笈形
彫りと飾りの部材
時代: 室町
束の左右に添える、渦を巻いた板です。柱や梁のように荷重を受け持つ部材ではなく、束の足元を左右へ広げて見せるための飾りとして付きます。
何をしている部材か
大瓶束の左右に添える、渦や若葉を刻んだ板です。上からの荷重は束が受けて下の梁へ落とすため、笈形そのものは力を伝える材ではなく、束を左右から支えて見せる飾りの側に回ります。名は背に負う笈の形に似ることによるとされ、輪郭は渦を一巻きするものから若葉を重ねたものまで幅があります。京都府の東福寺三門や神奈川県の円覚寺舎利殿、山口県の功山寺仏殿のように、大瓶束を立てる建物で組み合わせて使われます。
見分けの決め手
束を挟んで左右に一枚ずつ、対になって付いているかを見ます。笈形は大瓶束の胴へ取り付く別材で、左右がほぼ対称な渦を描き、束を外すと板だけが残る組み方になります。彫りが板の輪郭の内側で収まっているほど古い形で、近世に下ると渦が深く抜け、若葉や雲が板の縁を越えて外へ広がります。板が一枚しかない、あるいは中央が抜けている形は蟇股の側で、笈形とは分けて数えます。
どの様式・時代に多いか
禅宗様の伝来にともなって中世に現れ、室町時代の仏殿で形が定まります。神奈川県の円覚寺舎利殿や東京都の正福寺地蔵堂のような中世の建物では、板の渦が簡素で、彫りも輪郭の内側にとどまる姿です。
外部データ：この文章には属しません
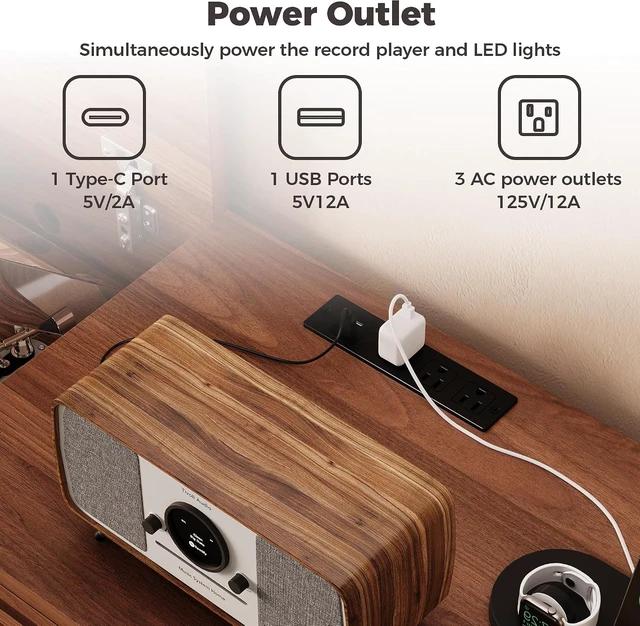 Alt view image 2 of 7 - Large Record Player Stand with 2 Drawers, Mid Century Modern, Turntable Stand Holds 1000+ Vinyl Records, with Charging Station & LED Light, Suitable for Living Room & Entertainment Room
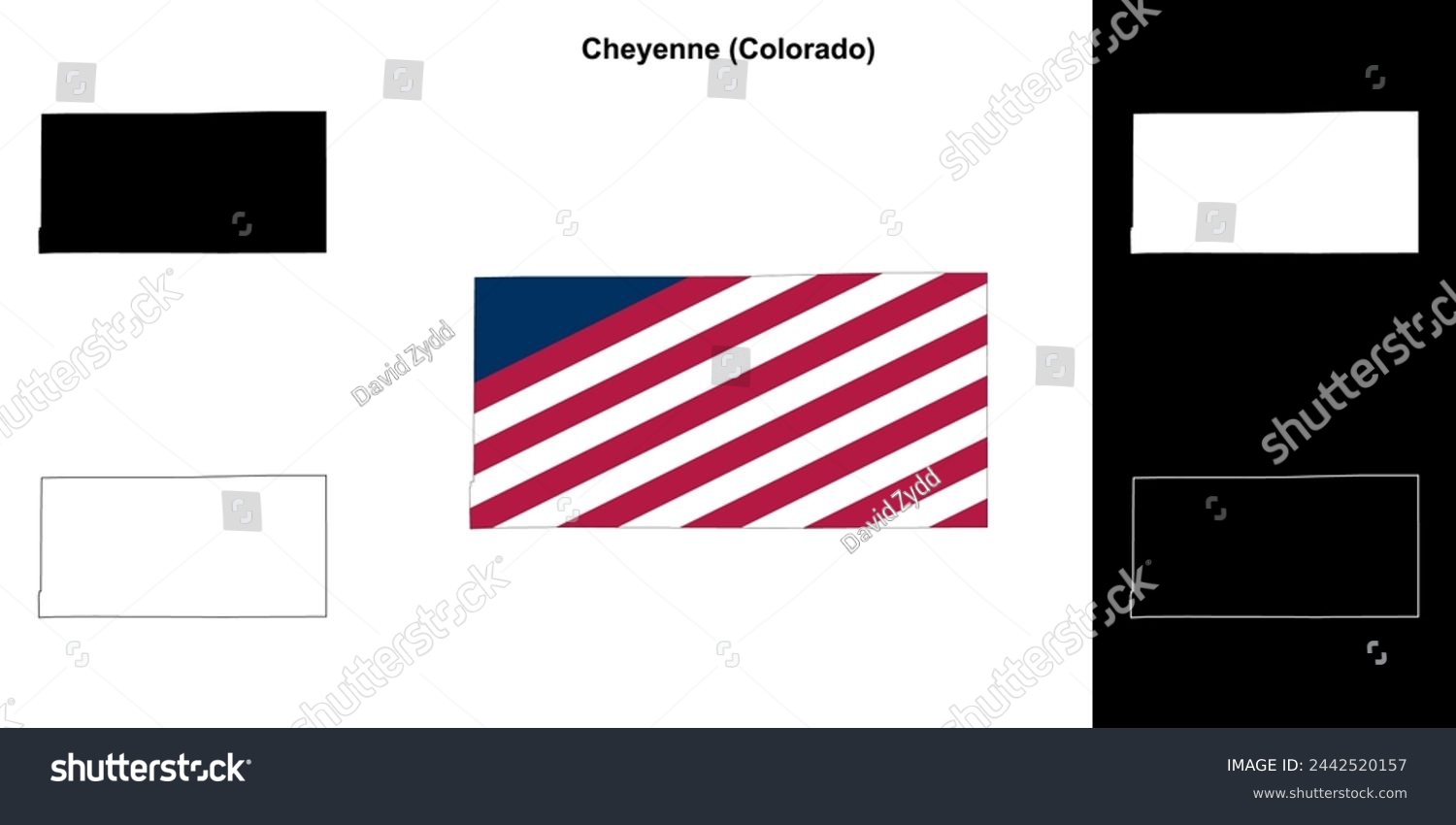 Cheyenne county (Colorado) outline map set - Royalty Free Stock Vector ...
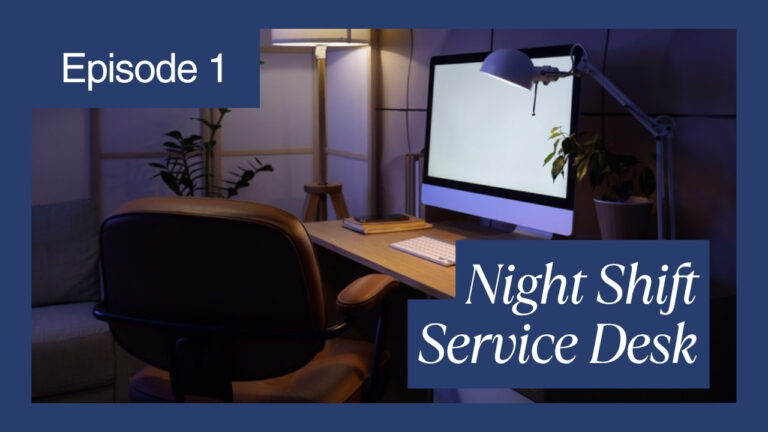 Empty office at night with glowing computer screens conveying a night-shift service desk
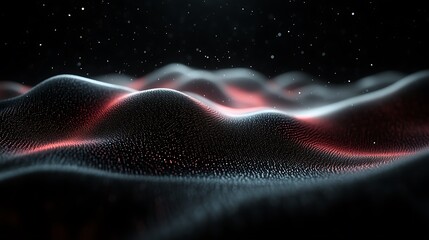 Abstract Dark Red And Grey Wavy Particle Field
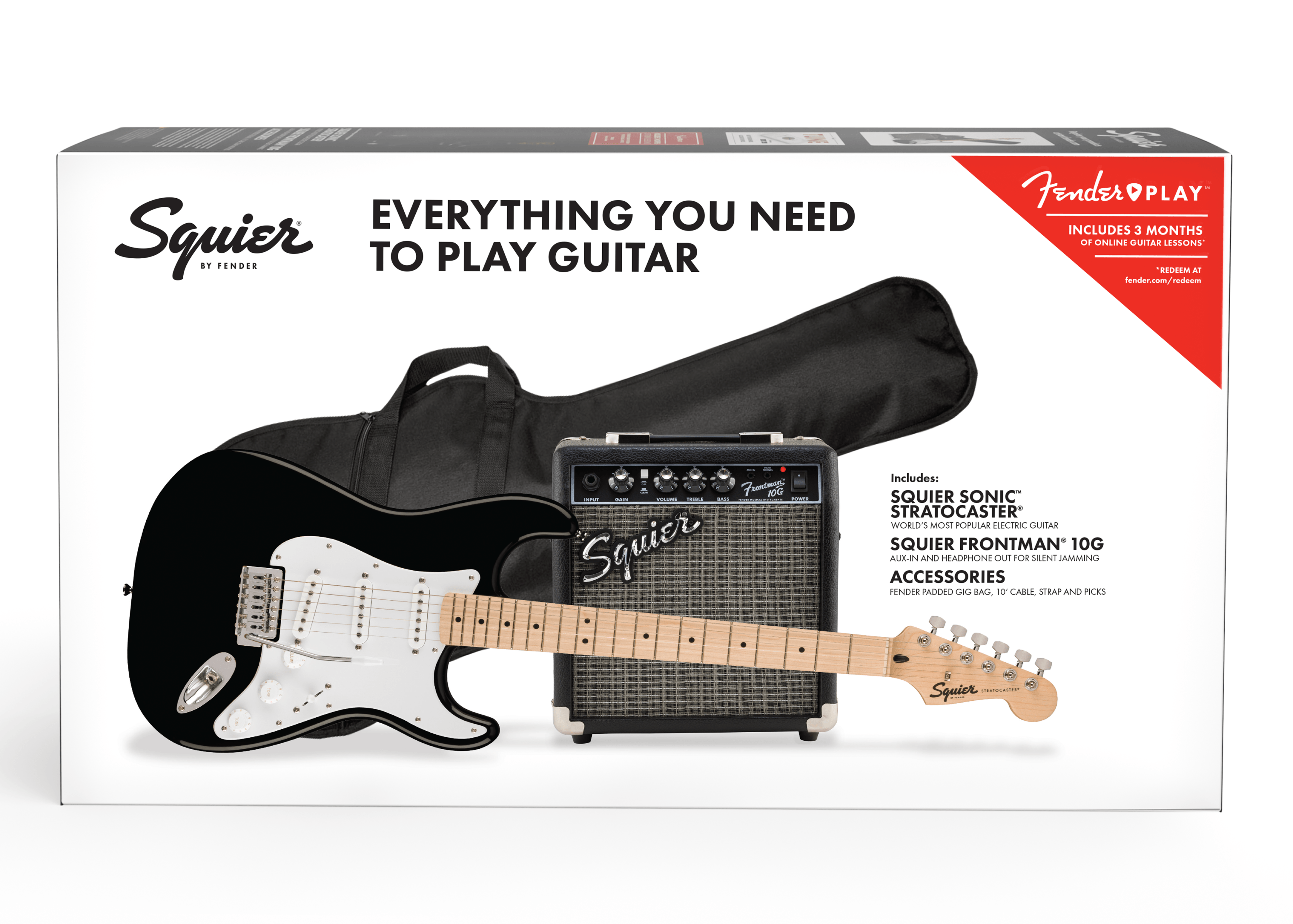 Squier Sonic Stratocaster Pack - Black - Metronome Music Inc.
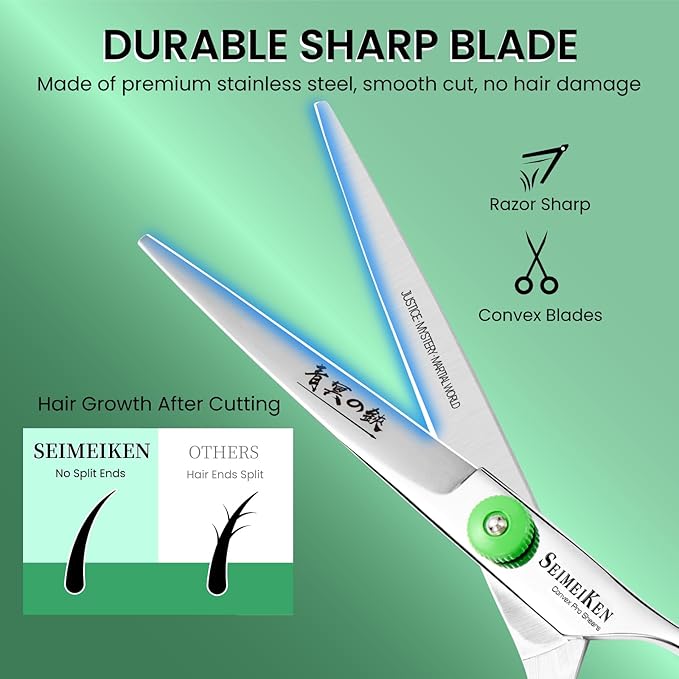 Hair Cutting Scissors – Professional Hair Shears - Premium Japanese 440C Stainless Steel Haircut Scissors Kit with Comb and Case - Barber Shears for Salon & Home Use, 6.0 Inch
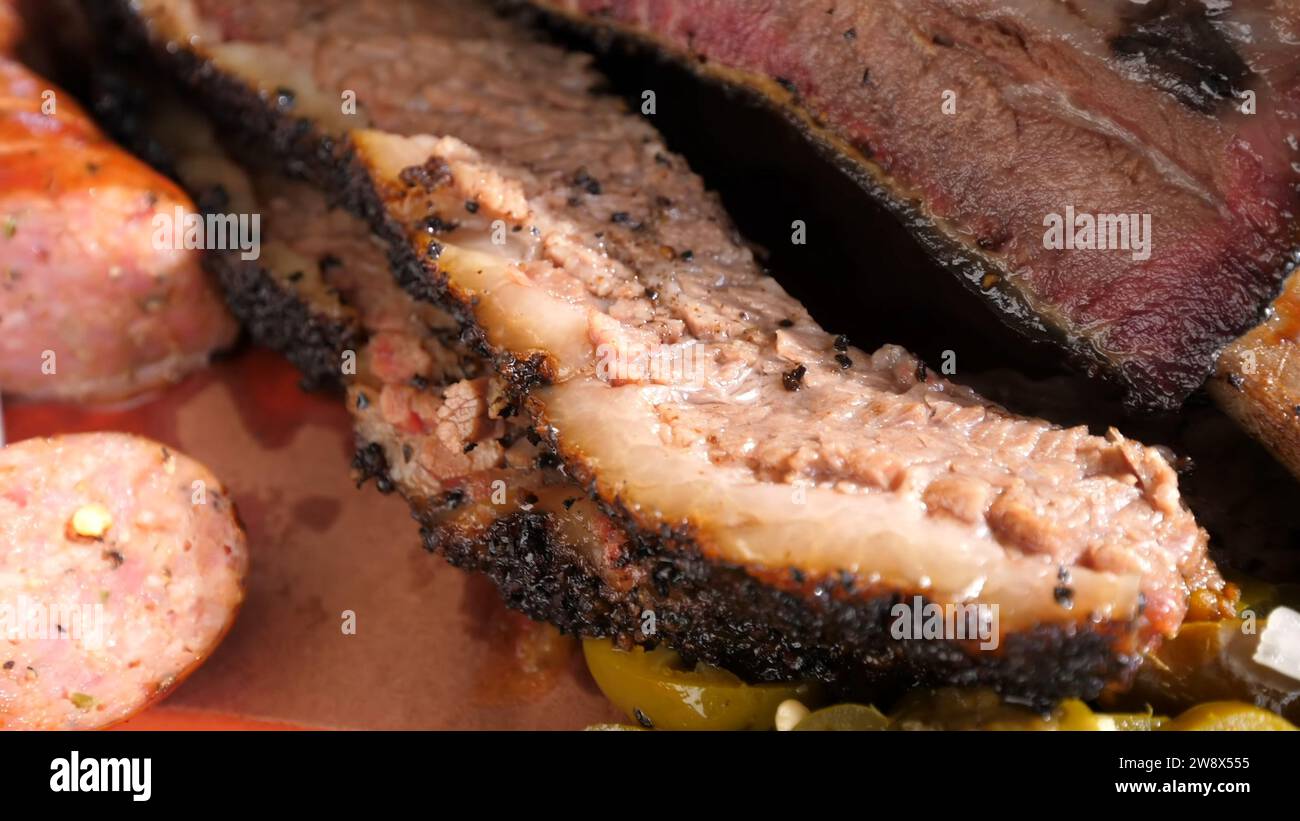 Beef RIBS platter Phoenix, USA Stock Photo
広島県の不動院金堂のような近世初めの仏殿にも続き、江戸時代には社殿や堂の妻飾りとして各地へ広がって、主題も若葉から雲や波へ増えます。板の形だけで年代を決めることはできません。
取り違えやすい相手
同じあたりで上を受ける蟇股と紛れます。一材で股を成すか、束を挟んで左右へ分かれるかで分けます。蟇股は中央が抜けた一枚の材で、下の梁に両足を置いて上の荷重を受けます。笈形は束が主で、板は左右に添う別材ですから、中央には束の胴がまっすぐ通ります。蓑束のように束だけが立つ形とも、左右に板が付くかどうかで分かれます。
どこに立つと見えるか
妻飾りとして外へ出る例が見つけやすく、入母屋破風や切妻造の妻面へ回り、破風の内側を下から見上げます。正面からは束と板が重なるので、建物の角へ寄って斜めに見ると板の輪郭が出ます。小屋組の中に入る例は外からは見えません。京都府の東福寺三門や山口県の功山寺仏殿、広島県の不動院金堂では、軒下へ入って柱間ごとに見上げると追えます。